L’apparition des MMOG a constitué un grand changement par rapport aux jeux vidéo classiques, en réduisant le risque de contrefaçon des jeux.

Dufin parle d’une « révolution [car il n’existe] aucune possibilité de piratage » en raison du contrôle de l’accès au jeu (). Avant de pouvoir jouer, tout joueur doit être identifié par le serveur de jeu officiel et disposer des droits d’accès (abonnement en cours). La contrefaçon, plus développée par ailleurs, est rendue très difficile.

Toute violation de la propriété intellectuelle n’est pas pour autant absente. Des serveurs pirates sont en effet créés et maintenus par des petits cercles de joueurs, qui se procurent les sources du jeu. Ce type de serveur nécessite tout de même des moyens autrement plus conséquents que pour copier un jeu ordinaire : il faut un serveur d’hébergement, accéder aux sources, paramétrer le serveur et pouvoir animer le jeu.
Les joueurs voient plusieurs raisons d’être aux serveurs pirates. Ils permettent tout d’abord de découvrir le jeu avant de s’y abonner.

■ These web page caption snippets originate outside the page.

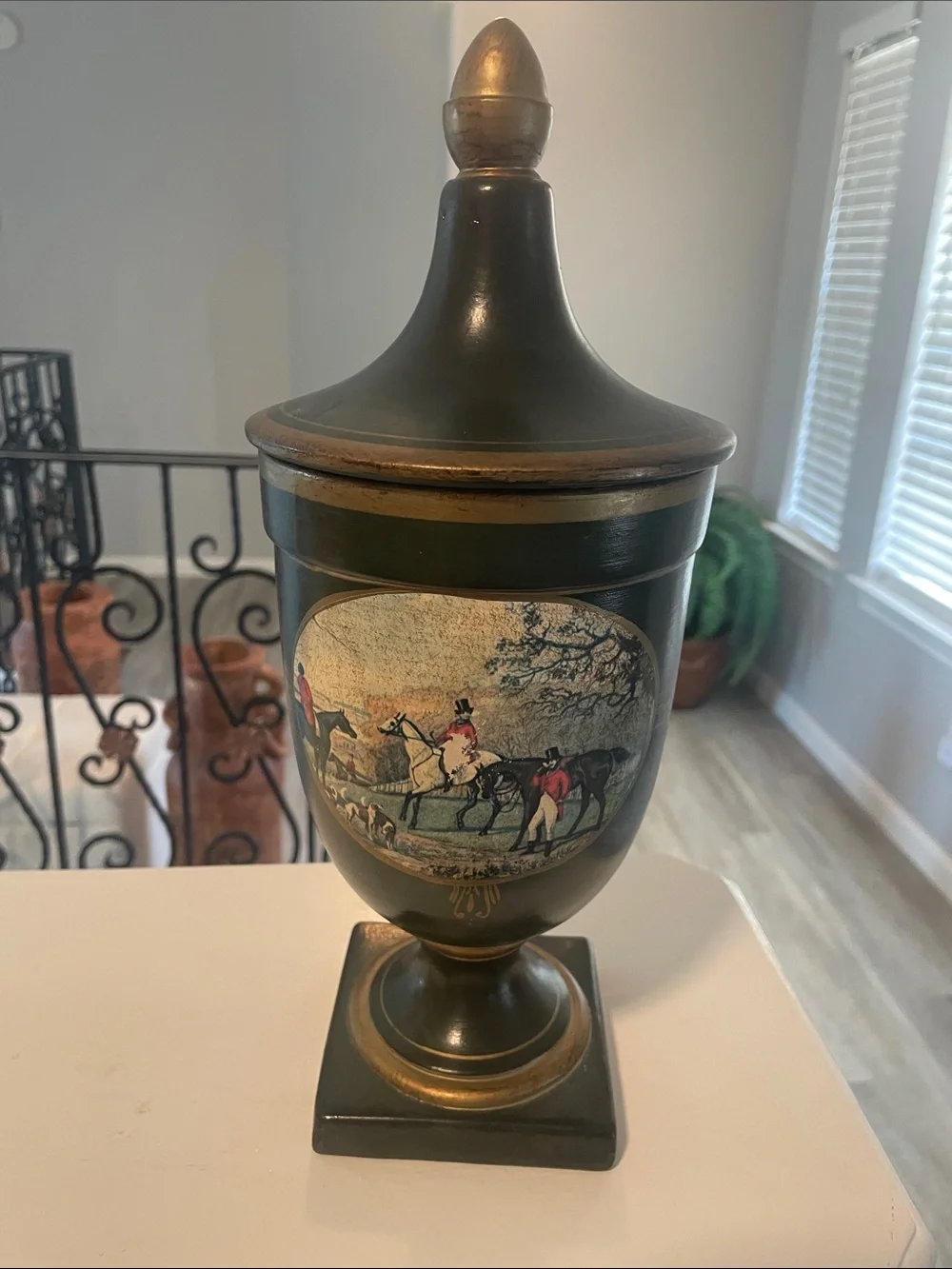 Vintage Hunter Themed Dark Green & Gold Lidded Urn - Home Accent - Picture 10 of 10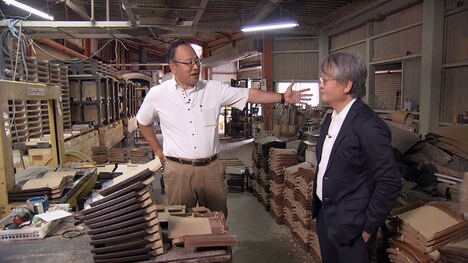 深澤直人が出演する「『石州瓦』 瓦が生み出す町の〈雰囲気〉（大田 / 島根県）」より。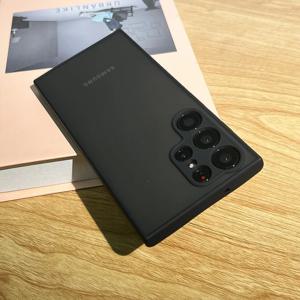 삼성 갤럭시 S24 S25 S21 S22 S23 플러스 S20 S21 FE S24 울트라 5G 피부 느낌 보호 커버 케이스에 대한 새로운 갑옷 충격 방지 케이스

Krarsht considère les serveurs privés comme « un bon moyen d’essayer un jeu en vue de s’y abonner sur un serveur officiel ».
Ashen-Shugar’ relève toutefois que « Le plaisir de jeu sur un [serveur privé] n’est rien en comparaison d’un serveur officiel. » (Contribution)

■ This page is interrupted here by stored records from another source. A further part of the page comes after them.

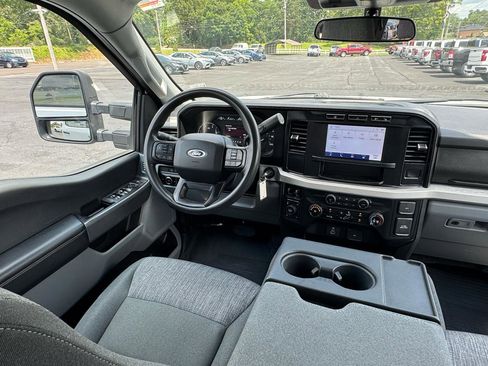Used 2024 Ford F250 XLT w/ FX4 Off-Road Package AWD/4WD image 21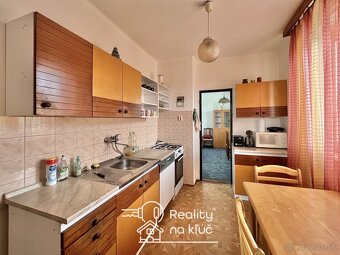 Na predaj zariadený 4-izbový byt s garážou v obci Dubník - 11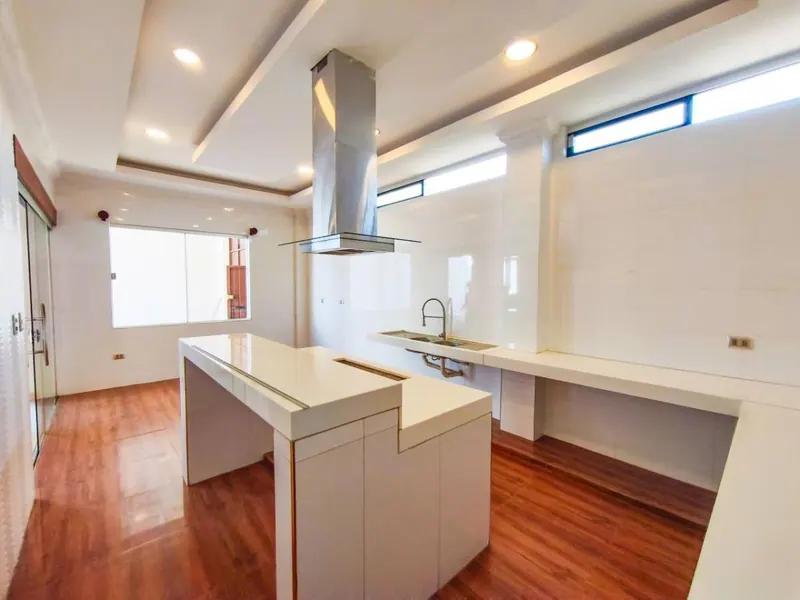 Casa de 5 dormitorios con galpón en venta en la Zona Este: foto 4 de 18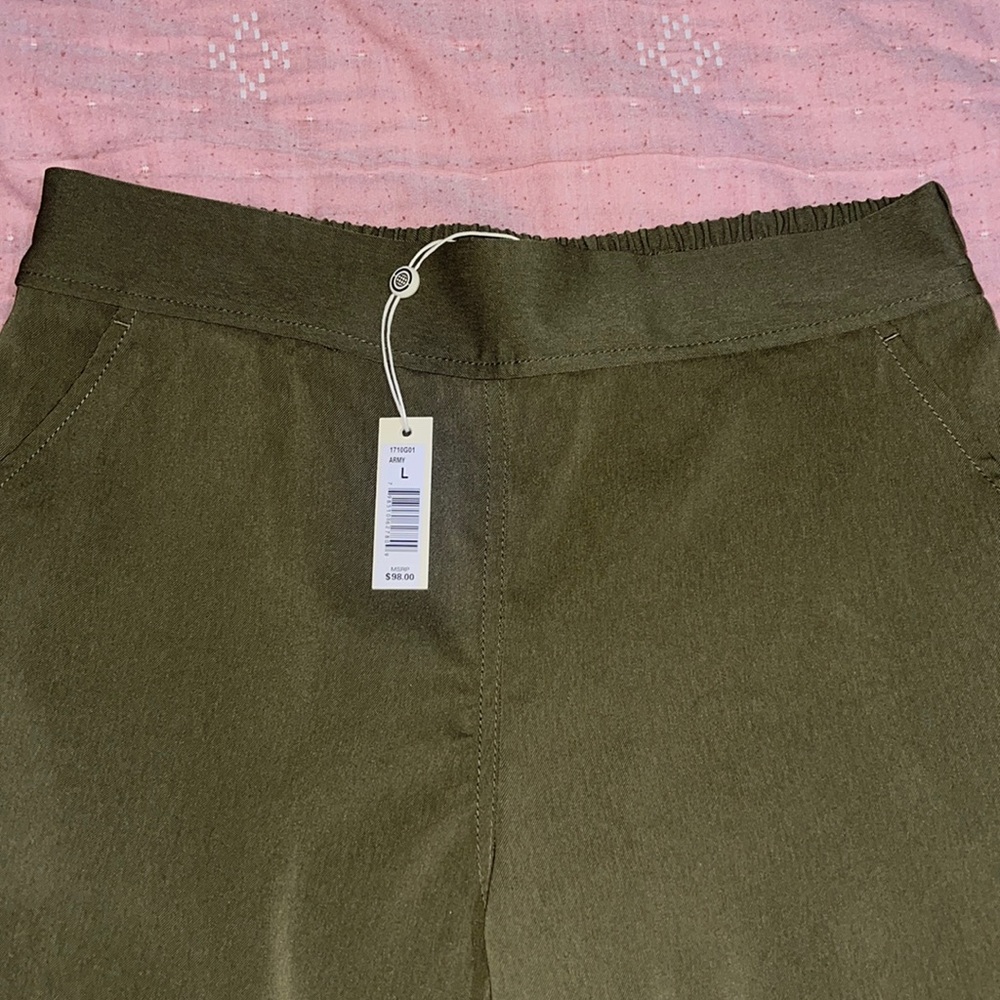 Max Studio brand new army green pants!!
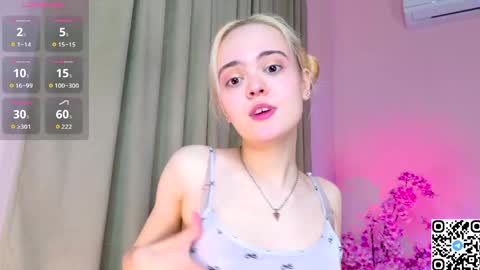 Snapshot of oxcy_live chatting on April 2026 05:12:02 AM Oxcy online show from April 2026 05:12:02 AM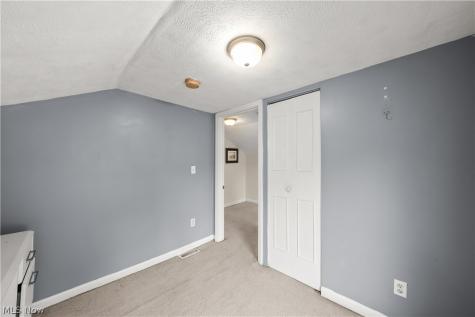 131 N Walnut Street Ravenna OH 44266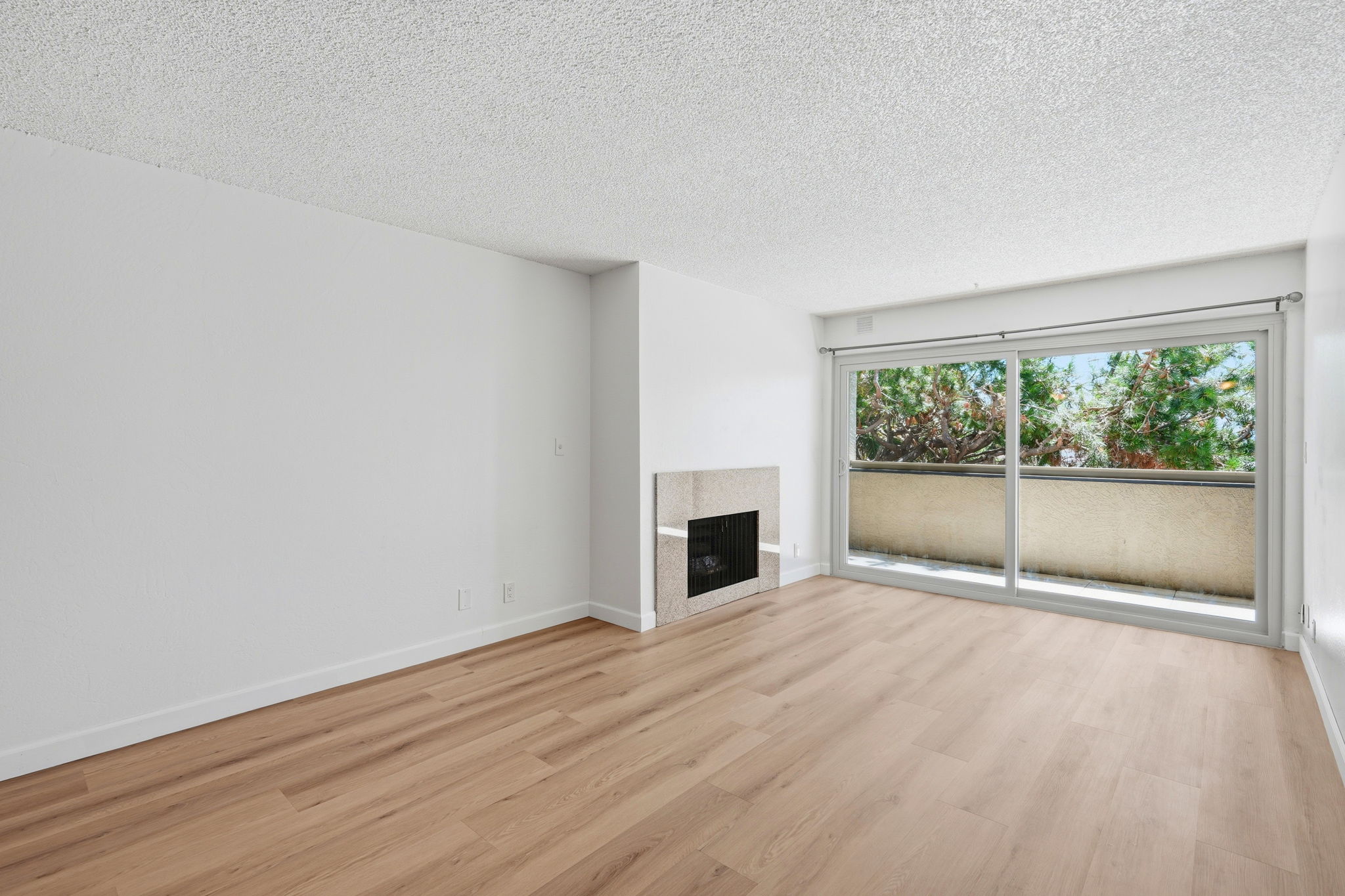 007_F8_955 Shorepoint Ct 208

Ils offrent ensuite un moyen de trier les joueurs à l’entrée. Pour Krarsht, ils offrent « le moyen de jouer à un jeu entre gens civilisés et un minimum matures » car la sélection y est plus élevée (référence).
Enfin, ils ont une utilité au terme de la vie du jeu, lorsque l’éditeur renonce à maintenir les serveurs officiels.

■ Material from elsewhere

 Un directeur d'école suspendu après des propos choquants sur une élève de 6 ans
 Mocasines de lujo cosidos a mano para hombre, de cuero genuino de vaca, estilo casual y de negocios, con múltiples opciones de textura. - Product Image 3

Pour Bleubleulohaibleue, « c’est un bon moyen de maintenir en vie des vieux jeux ». Les créateurs qui abandonnent l’exploitation d’un jeu « devraient autoriser les serveurs "pirates". Pourquoi pas en distribuant les binaires du serveur. » (Contribution)
Saigneur ajoute que les serveurs pirates « font revivre le jeu » tel qu’il était à son apogée (Contribution).

Ces pratiques sont fermement proscrites par les éditeurs dans le contrat d’utilisateur final qui les lie aux utilisateurs. Elles sont sanctionnées par des peines dans le jeu allant de l’avertissement à la fermeture du compte en passant par le bannissement temporaire ou la privation des possessions. Blizzard, l’éditeur de World of Warcraft, a annoncé le 13 juin la fermeture de 30 000 comptes pour manquement aux règles du jeu. NCSoft a réagi de la même manière en supprimant plus d’un millier de comptes de joueurs utilisant des robots (référence).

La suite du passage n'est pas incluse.